UMESM1.1 failing

SimonTett · 2 November 2023 17:20

Hi ,
I have made a copy of u-cj514/trunk@264964 to give u-da865. I have made the recommended changes at UKESM1.1-AMIP Release Notes. The model crashes soon after starting with the error below. Are there other things I need to change to make it work?
Simon

???
???!!!???!!!???!!!???!!!???!!! ERROR ???!!!???!!!???!!!???!!!???!!!
? Error code: 2
? Error from routine: EG_BICGSTAB_MIXED_PREC
? Error message: Convergence failure in BiCGstab after restartSee the following URL for more information:
? https://code.metoffice.gov.uk/trac/um/wiki/KnownUMFailurePoints
? Error from processor: 377
? Error number: 61

RosalynHatcher · 3 November 2023 08:40

Hi Simon,

There a couple of things that need changing in that suite. I’m currently talking to the MO to get that suite (and others) updated.

You’ll need to change the suite to pick up the start dump from Simon’s directory for now.

/work/n02/n02/simon/u-by791/by791a.da19790101_00

In file site/archer2.rc you’ll also need to change:

ROSE_LAUNCHER_PREOPTS = {{ATM_SLURM_FLAGS}}
to
ROSE_LAUNCHER_PREOPTS = {{ATM_SLURM_FLAGS}} --cpus-per-task={{MAIN_OMPTHR_ATM}}

Cheers,
Ros.

SimonTett · 3 November 2023 10:45

Thanks Ros,
I’ll do that and report back! The failure message doesn’t look like a file-not-found error – is it falling back to some unreasonable default?
Simon

SimonTett · 3 November 2023 14:38

And it seems to be working – model is running and ran for a while!
Simon

RosalynHatcher · 3 November 2023 14:59

Glad to hear it’s running now. It wasn’t a file-not-found issue, the start dump was dodgey.

SimonTett · 6 November 2023 11:11

Though the model was running it ran out of time after 3 hours & 50 mins. Which I think should be enough for a 3 month simulation. Looking in the output the model has ran 311 timesteps and the pa/pm/pb files are empty according to xconv.

job.err has messages of the form:
srun: Warning: can’t honor --ntasks-per-node set to 64 which doesn’t match the requested tasks 504 with the number of requested nodes 8. Ignoring --ntasks-per-node.
[0] exceptions: feenableexcept() mask [0x00000000] enabled. (mask [0x00000000] requested)
WARNING: Requested total thread count and/or thread affinity may result in
oversubscription of available CPU resources! Performance may be degraded.

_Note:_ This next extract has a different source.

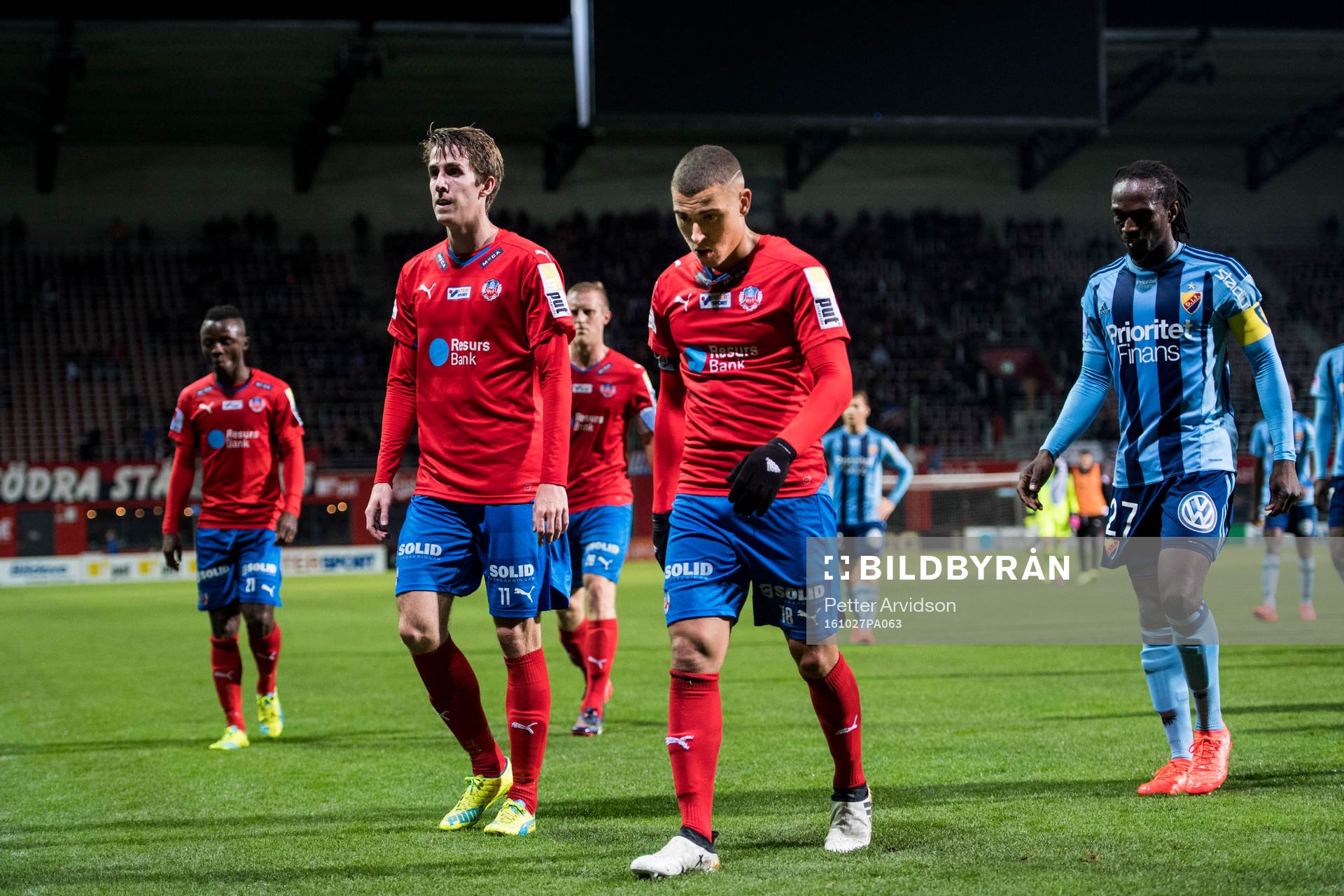 Helsingborgs Adam Eriksson och Jordan Larsson deppar när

Any advice much appreciated.
Simon

grenville · 6 November 2023 12:40

Hi Simon

In site/archer2.ac, add the --cpus-per-task clause like this:

{% if MAIN_OMPTHR_ATM > 1 %}
 {% set ATM_SLURM_FLAGS= "--hint=nomultithread --distribution=block:block --cpus-per-task={{MAIN_OMPTHR_ATM}}" %}
{% else %}
 {% set ATM_SLURM_FLAGS = "--cpu-bind=cores" %}
{% endif %}

Grenville

SimonTett · 7 November 2023 10:11

Hi Grenville,
that failed. Job hang around for ages and then looks to have failed with the following error in job.err:
srun: error: Invalid numeric value “{{MAIN_OMPTHR_ATM}}” for --cpus-per-task.
[FAIL] um-atmos <<‘STDIN’
[FAIL]
[FAIL] ‘STDIN’ # return-code=1
2023-11-07T01:09:20Z CRITICAL - failed/EXIT

I don’t understand rosie so can’t tell if I made a small error…
Simon

grenville · 7 November 2023 14:41

Simon

Mea culpa - remove the --cpus-per-task={{MAIN_OMPTHR_ATM}} from ATM_SLURM_FLAGS and add it to
ROSE_LAUNCHER_PREOPTS = {{ATM_SLURM_FLAGS}} in ATMOS_RESOURSE section.

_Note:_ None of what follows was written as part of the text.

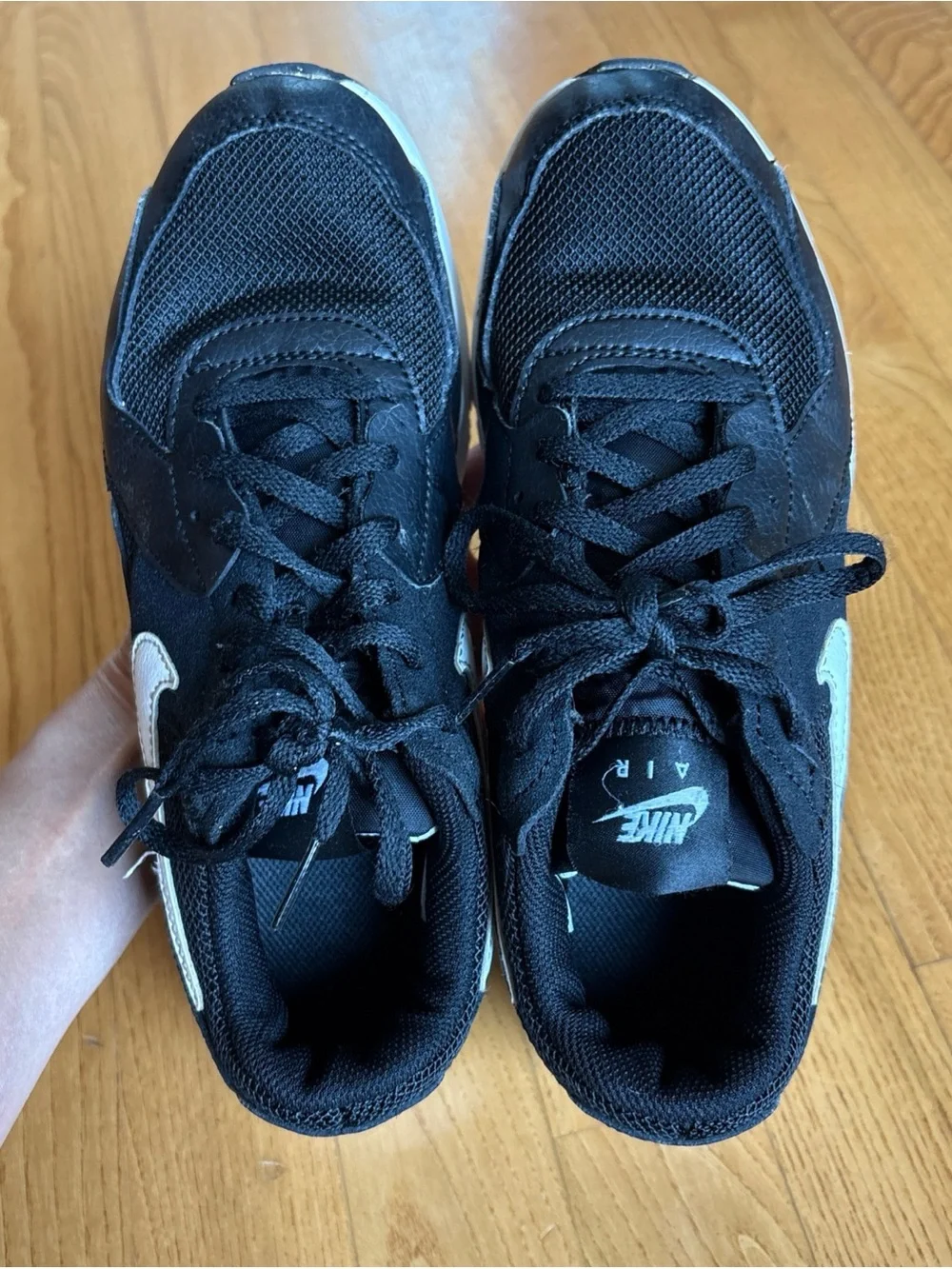 Nike Air Max Excee sneakers Shoes black and white Boys Girls Running Sz 5 Youth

My jinja knowledge is weaker than I’d thought.

Grenville

SimonTett · 8 November 2023 09:29

So becomes:
ROSE_LAUNCHER_PREOPTS = {{ATM_SLURM_FLAGS}} --cpus-per-task={{MAIN_OMPTHR_ATM}}
??

grenville · 8 November 2023 09:42

yes - (like you have for the reconfiguration)

SimonTett · 8 November 2023 16:50

And that has worked. Guess I must have been the first person to use this configuration in a while…
As I want to build on this, should I push the whole thing back into fcm?
Simon

SimonTett · 8 November 2023 17:32

OK – I don’t understand fcm so when I copy my modified job the modifications do not propagate…
I have done fcm ci on the job.

RosalynHatcher · 9 November 2023 07:22

Hi Simon,

The suite has been copied from the wrong version u-da865@r270554 - you checked in your changes at r271439.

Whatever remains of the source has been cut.